==== EXERCISE INPUTS ====

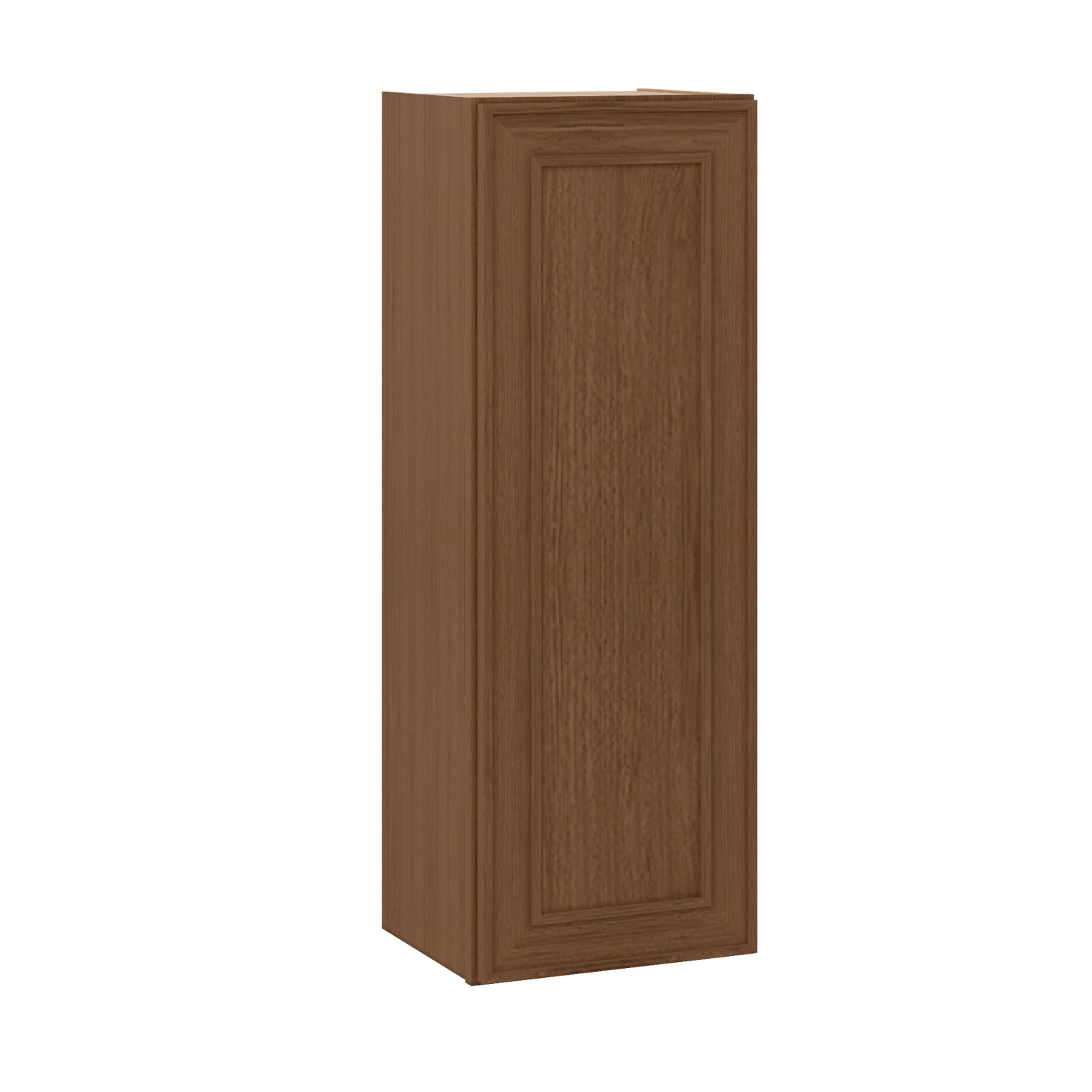 42" Tall Single Door 9", 12", 15", 18" & 21" Elegant Craftsman Mocha Shaker 1-1/4" Overlay Wall Cabinet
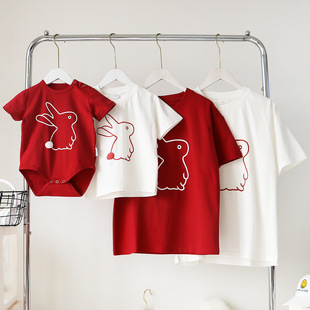 Spot 2025 New Family Clothing Summer Baby 100-Day Feast Family of Three or Four Mother-Child Mother-Daughter Short-Sleeved T-Shirt Trendy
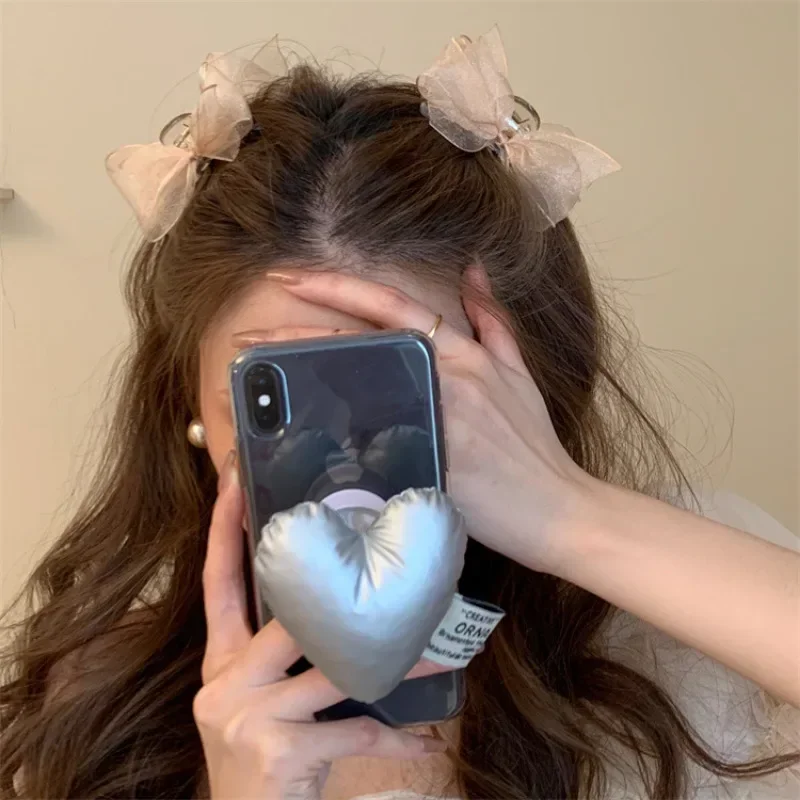 Morsetto per artigli per capelli con fiocco in rete di pizzo Donna Ragazza Dolce Bowknot Capelli afferra Morsetto Frangia coreana Forcine Accessori per copricapo Bianco Nero - immagine 3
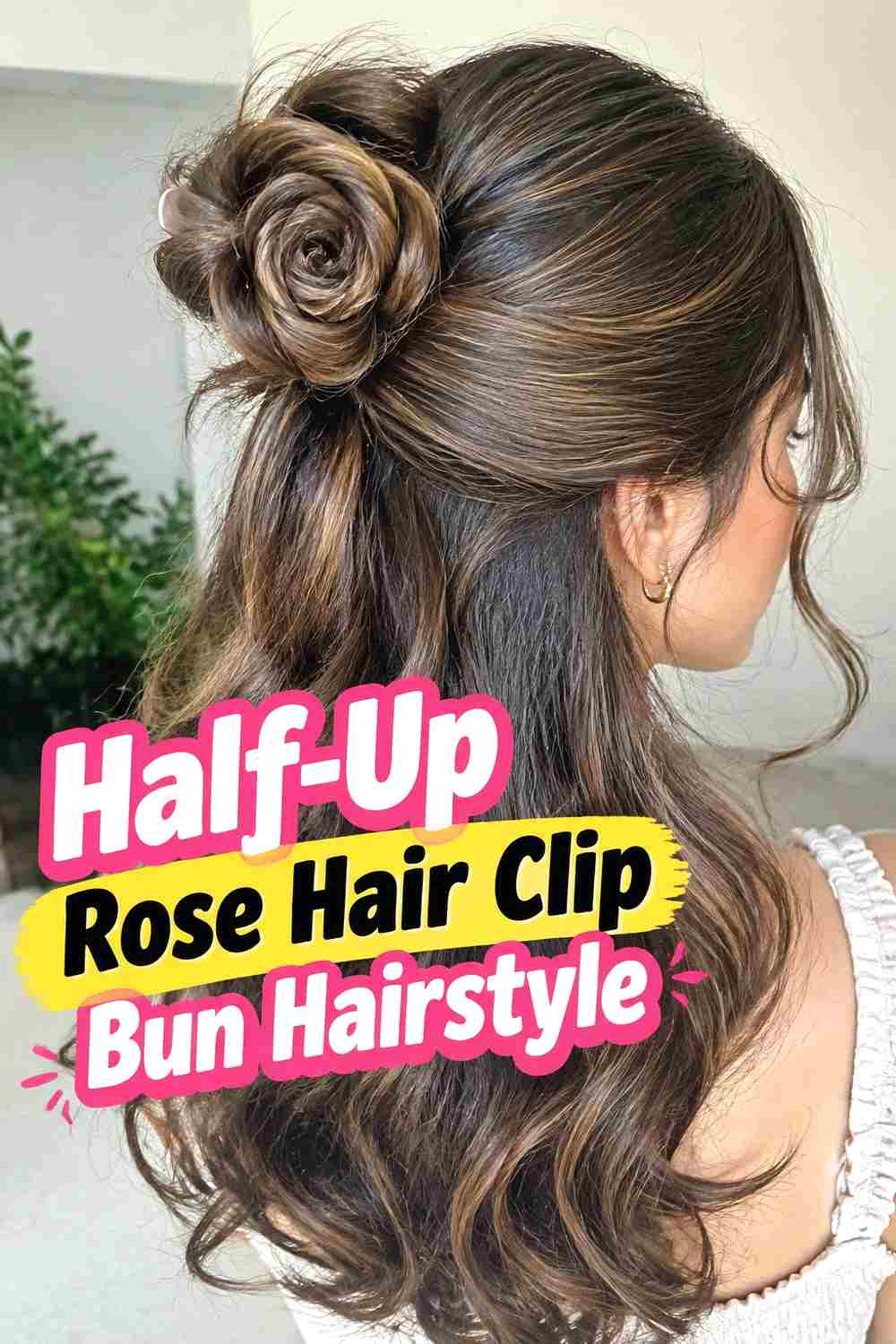 13. Half Up Rose Hair Clip Bun Hairstyle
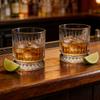 European Striped Spirits Cup Whiskey Glass Classic Cup for Party Bar Vintage Western Wine Cups Cocktail Beverage Cup Glass Cup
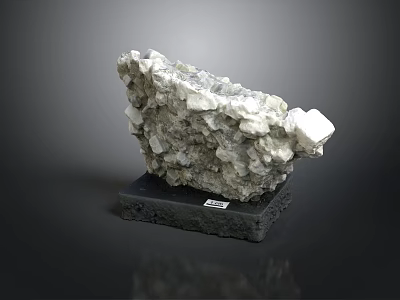 Natural Raw Stone Specimen With Crystal Structure On Black Base 3d model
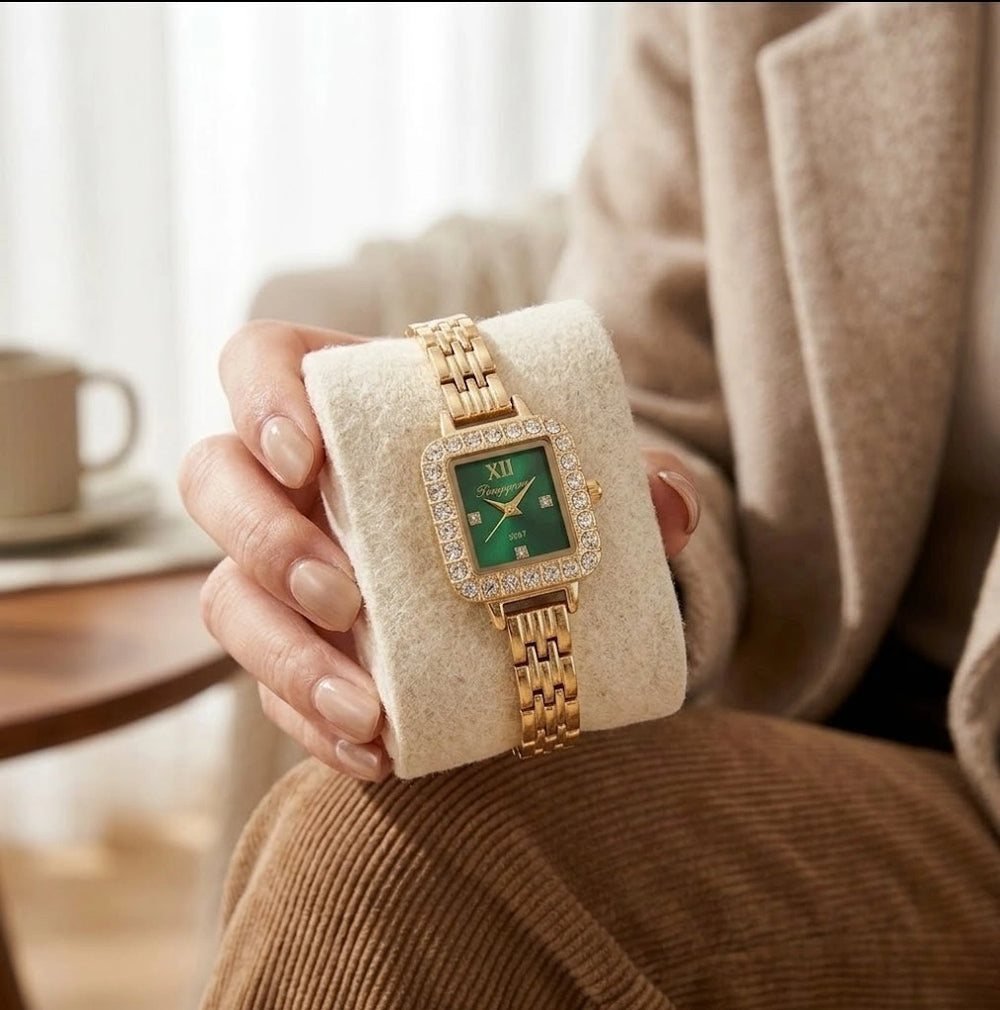 Elegant Emerald Green Square Dial Anti-Tarnish Gold Plated Watch for Women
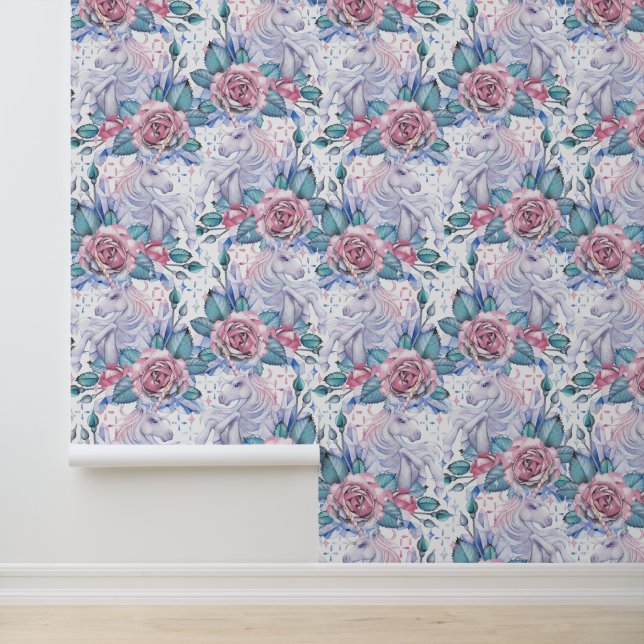 Roze en blauw Roos patroon Behang (Applicatie)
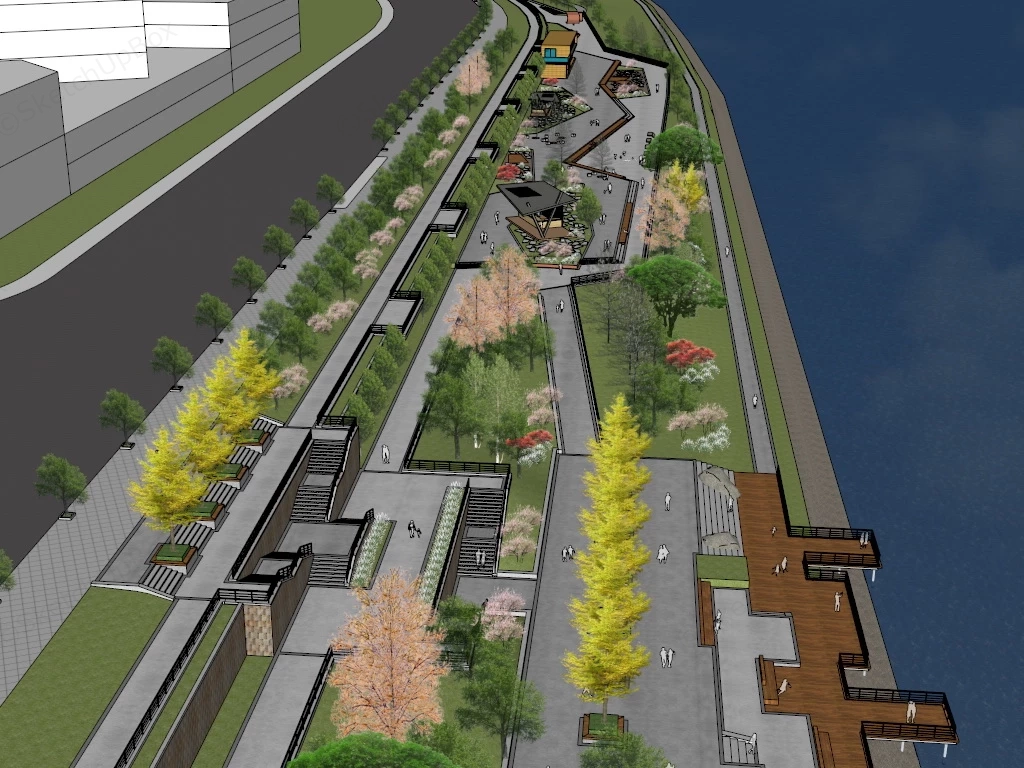 Coastal Park Landscape Design sketchup model preview - SketchupBox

====

_EXERCISE DETAILS_. Your copy should match the entries exactly, minus the pictures.

_TASK SOLUTION_.
 42" Tall Single Door 9", 12", 15", 18" & 21" Elegant Craftsman Mocha Shaker 1-1/4" Overlay Wall Cabinet
 Spot 2025 New Family Clothing Summer Baby 100-Day Feast Family of Three or Four Mother-Child Mother-Daughter Short-Sleeved T-Shirt Trendy
 Morsetto per artigli per capelli con fiocco in rete di pizzo Donna Ragazza Dolce Bowknot Capelli afferra Morsetto Frangia coreana Forcine Accessori per copricapo Bianco Nero - immagine 3
 13. Half Up Rose Hair Clip Bun Hairstyle
 European Striped Spirits Cup Whiskey Glass Classic Cup for Party Bar Vintage Western Wine Cups Cocktail Beverage Cup Glass Cup
 Natural Raw Stone Specimen With Crystal Structure On Black Base 3d model
 Elegant Emerald Green Square Dial Anti-Tarnish Gold Plated Watch for Women
 Roze en blauw Roos patroon Behang (Applicatie)
 Coastal Park Landscape Design sketchup model preview - SketchupBox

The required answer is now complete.